> **DATA FOR THIS TASK**:
━━━

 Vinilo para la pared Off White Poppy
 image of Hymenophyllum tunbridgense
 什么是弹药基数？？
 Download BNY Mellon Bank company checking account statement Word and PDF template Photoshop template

━━━

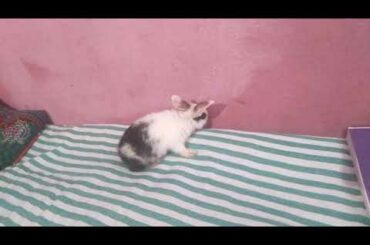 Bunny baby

━━━

> **WORK TO BE COMPLETED**: Above are records; repeat only the lines starting at the line with "image of Hymenophyllum tunbridgense" and ending at the line with "Download BNY Mellon", exactly as they appear, both included.

> **RESPONSE TO THE TASK**:
 image of Hymenophyllum tunbridgense
 什么是弹药基数？？
 Download BNY Mellon Bank company checking account statement Word and PDF template Photoshop template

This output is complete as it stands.